So pretty much what the title says. Using nn.Linear and manually implementing it keeps giving me different results. The loss for nn.Linear is much higher than the loss I see when I manually implement it (to the point where results from nn.Linear is unusable).

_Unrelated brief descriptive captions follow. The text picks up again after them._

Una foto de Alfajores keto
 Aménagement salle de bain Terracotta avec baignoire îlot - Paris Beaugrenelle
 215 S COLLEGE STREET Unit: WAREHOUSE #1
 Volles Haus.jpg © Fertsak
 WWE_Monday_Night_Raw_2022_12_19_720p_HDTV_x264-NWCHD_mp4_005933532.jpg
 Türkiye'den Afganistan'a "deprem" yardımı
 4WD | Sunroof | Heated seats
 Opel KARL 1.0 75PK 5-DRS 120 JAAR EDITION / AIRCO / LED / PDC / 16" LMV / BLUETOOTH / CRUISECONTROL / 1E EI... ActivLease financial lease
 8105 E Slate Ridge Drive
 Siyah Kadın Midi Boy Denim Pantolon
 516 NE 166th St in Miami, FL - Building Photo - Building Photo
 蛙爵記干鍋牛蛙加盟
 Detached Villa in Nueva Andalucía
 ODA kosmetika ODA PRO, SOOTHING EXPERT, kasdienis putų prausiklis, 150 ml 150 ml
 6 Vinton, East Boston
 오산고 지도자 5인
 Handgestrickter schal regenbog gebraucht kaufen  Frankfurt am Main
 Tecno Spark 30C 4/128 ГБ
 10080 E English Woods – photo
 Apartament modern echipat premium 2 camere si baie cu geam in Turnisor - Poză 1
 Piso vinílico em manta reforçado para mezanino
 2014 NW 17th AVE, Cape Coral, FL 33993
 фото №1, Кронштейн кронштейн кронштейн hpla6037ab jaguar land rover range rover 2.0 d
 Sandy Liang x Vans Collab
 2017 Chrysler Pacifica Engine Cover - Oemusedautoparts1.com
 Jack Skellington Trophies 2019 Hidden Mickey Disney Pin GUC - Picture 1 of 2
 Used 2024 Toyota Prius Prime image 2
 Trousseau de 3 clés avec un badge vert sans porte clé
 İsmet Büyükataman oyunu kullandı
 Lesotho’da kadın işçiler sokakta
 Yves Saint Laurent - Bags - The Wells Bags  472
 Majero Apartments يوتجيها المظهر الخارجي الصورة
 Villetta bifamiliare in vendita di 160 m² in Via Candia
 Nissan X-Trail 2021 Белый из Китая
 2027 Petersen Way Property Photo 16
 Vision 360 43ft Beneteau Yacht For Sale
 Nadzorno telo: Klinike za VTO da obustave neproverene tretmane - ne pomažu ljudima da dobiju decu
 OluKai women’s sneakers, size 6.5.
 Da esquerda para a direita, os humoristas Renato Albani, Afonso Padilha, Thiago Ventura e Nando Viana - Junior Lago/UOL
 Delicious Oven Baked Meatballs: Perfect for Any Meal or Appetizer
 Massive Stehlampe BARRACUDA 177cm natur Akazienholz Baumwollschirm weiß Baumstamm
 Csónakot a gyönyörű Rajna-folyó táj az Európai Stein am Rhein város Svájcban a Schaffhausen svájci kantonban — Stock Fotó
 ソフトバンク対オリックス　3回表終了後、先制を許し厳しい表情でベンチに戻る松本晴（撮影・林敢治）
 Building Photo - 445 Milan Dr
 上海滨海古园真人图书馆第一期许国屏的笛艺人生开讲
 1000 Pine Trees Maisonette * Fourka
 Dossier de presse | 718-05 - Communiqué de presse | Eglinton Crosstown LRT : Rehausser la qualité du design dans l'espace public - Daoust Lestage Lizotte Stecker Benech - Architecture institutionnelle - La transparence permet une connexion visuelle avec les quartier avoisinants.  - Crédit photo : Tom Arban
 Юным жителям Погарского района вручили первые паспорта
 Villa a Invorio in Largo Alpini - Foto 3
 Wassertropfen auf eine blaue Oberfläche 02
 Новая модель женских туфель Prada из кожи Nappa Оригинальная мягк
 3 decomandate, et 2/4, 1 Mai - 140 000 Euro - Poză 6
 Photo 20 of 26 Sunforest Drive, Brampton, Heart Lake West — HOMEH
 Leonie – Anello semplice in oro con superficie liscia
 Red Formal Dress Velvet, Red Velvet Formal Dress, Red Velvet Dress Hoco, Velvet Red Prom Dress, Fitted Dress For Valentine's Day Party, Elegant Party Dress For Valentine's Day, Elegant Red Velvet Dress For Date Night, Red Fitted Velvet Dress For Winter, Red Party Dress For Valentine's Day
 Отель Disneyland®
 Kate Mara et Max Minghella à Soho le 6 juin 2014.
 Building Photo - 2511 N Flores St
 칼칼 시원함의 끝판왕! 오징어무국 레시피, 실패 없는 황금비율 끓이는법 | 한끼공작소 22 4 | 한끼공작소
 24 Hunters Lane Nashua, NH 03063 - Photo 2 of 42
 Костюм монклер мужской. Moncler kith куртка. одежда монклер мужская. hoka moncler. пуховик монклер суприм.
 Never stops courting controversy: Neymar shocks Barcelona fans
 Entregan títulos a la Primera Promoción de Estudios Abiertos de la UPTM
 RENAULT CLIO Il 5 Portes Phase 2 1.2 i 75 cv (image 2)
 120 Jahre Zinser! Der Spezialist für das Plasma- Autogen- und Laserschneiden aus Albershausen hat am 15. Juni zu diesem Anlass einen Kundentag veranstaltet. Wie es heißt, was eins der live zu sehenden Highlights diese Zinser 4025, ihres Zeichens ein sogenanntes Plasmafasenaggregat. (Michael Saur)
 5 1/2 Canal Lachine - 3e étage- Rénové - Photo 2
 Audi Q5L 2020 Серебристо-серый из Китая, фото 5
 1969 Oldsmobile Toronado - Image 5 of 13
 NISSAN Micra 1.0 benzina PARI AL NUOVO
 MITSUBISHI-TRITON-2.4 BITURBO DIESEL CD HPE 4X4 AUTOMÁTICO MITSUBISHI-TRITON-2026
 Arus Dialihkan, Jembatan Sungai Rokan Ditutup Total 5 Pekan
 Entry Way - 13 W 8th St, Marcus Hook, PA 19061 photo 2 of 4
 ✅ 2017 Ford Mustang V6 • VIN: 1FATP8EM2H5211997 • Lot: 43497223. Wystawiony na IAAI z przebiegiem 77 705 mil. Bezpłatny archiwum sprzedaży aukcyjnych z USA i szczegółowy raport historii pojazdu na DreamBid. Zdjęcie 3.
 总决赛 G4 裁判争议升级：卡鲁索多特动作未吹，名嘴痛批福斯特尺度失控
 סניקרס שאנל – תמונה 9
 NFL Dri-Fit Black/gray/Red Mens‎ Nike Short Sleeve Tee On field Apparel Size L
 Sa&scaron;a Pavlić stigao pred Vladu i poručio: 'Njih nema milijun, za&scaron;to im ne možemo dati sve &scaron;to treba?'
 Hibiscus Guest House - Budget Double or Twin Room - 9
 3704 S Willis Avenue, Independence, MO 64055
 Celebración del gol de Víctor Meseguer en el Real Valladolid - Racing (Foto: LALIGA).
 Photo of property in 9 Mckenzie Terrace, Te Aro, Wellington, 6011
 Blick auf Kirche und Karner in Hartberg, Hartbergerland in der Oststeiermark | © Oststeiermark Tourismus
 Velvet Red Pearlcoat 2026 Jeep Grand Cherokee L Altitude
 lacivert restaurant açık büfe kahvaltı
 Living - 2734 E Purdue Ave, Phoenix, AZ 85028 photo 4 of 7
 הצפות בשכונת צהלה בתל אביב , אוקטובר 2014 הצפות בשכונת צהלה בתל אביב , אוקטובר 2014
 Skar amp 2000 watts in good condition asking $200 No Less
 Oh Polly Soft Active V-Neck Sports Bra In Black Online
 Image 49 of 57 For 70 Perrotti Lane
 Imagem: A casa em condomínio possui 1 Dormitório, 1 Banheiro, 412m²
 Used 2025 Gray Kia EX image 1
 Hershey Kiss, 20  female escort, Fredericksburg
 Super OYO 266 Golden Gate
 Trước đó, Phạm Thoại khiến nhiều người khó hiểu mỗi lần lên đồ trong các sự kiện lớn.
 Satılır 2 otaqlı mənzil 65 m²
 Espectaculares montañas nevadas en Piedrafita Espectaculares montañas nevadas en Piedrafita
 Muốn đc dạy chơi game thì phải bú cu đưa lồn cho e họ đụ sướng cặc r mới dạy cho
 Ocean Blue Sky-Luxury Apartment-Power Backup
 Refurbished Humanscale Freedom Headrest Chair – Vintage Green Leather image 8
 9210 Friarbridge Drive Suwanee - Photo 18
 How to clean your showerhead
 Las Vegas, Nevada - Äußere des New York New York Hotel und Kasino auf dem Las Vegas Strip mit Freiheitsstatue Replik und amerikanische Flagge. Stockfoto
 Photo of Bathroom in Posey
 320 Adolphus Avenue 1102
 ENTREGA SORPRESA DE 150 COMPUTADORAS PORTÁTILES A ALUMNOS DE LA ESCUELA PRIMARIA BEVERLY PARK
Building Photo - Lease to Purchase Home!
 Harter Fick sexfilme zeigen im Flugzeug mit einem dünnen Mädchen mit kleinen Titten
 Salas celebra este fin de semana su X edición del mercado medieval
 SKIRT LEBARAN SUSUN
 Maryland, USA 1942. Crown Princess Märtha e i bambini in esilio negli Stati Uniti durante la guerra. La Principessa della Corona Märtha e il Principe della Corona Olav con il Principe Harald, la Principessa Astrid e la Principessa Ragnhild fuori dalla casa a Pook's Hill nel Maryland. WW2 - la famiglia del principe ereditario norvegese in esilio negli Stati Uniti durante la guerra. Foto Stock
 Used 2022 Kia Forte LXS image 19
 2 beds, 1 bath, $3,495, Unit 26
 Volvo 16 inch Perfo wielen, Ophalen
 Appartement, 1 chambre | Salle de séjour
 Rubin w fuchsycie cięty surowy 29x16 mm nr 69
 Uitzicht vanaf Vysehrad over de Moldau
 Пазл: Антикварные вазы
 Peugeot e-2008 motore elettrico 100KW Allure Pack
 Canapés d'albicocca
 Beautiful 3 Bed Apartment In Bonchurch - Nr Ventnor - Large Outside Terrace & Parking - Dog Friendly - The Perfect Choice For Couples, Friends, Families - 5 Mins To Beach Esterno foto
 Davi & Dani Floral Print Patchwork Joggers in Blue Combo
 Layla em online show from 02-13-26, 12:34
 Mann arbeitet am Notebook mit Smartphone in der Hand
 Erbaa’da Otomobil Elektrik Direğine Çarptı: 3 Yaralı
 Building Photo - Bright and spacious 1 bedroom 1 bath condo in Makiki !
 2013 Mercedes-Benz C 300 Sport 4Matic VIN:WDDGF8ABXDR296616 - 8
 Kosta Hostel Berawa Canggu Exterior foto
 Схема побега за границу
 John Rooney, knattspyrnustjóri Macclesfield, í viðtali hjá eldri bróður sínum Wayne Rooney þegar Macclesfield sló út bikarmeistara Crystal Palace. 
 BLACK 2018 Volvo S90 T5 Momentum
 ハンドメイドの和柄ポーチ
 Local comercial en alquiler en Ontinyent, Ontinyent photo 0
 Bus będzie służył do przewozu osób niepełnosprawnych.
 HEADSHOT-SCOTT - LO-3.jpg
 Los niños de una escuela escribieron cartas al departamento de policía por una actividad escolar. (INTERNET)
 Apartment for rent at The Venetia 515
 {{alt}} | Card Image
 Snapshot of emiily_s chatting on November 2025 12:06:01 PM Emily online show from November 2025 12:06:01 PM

Here is the code that I have.

Manual Implementation:

```
num_cols = 3 # Postive, Negative, Neutral
A = torch.randn((1, num_cols), requires_grad=True)
b = torch.randn(1, requires_grad=True)
def model(X):
return A.mm(x_data) + b
def loss(y_predicted, y_target):
return torch.sqrt(torch.mean((y_predicted - y_target) ** 2))
optimizer = torch.optim.Adam([A, b], lr=10)
num_epochs = 10000
with trange(num_epochs, desc="Training Multi-variable Linear Regression") as progress_bar:
for _ in progress_bar:
optimizer.zero_grad()
y_pred = model(x_data)
curr_loss = loss(y_pred, y_data)
curr_loss.backward()
optimizer.step()
progress_bar.set_postfix(loss=curr_loss.data)
# print(f"Epoch: {curr_epoch}, Loss: {curr_loss}")
```

Graph Produced:

Weights after training: `tensor([[ 165.0836, 307.2172, -130.3902]], requires_grad=True)`

PyTorch’s Linear Layer:

```
class PlainSentimentCaster(nn.Module):
def __init__(self, DIM_FEATURES=3):
super().__init__()
self.DIM_FEATURES = DIM_FEATURES
self.lin_layer1 = nn.Linear(self.DIM_FEATURES, 1)
self.lin_layer1.weight = nn.Parameter(torch.randn((1, num_cols), requires_grad=True))
def forward(self, X):
return self.lin_layer1(X)
def train(model: nn.Module, X, Y_target, num_epochs=10000):
optimizer = torch.optim.Adam(model.parameters(), lr=10)
with trange(num_epochs, desc="Training TF-IDF Sentiment Linear Layer Model") as progress_bar:
for _ in progress_bar:
optimizer.zero_grad()
y_pred = model.forward(X)
curr_loss = loss(y_pred, Y_target)
curr_loss.backward()
optimizer.step()
progress_bar.set_postfix(loss=curr_loss.data)
baseline_model_3 = PlainSentimentCaster(DIM_FEATURES=3)
train(baseline_model_3, x_data.float().t(), y_data.float().t())
```

Graph Produced:

https://imgur.com/a/WKtgzUU

Weights after training: `tensor([[-0.9212, -1.6551, 2.8089]], requires_grad=True)`

Does anyone know what might be going on here?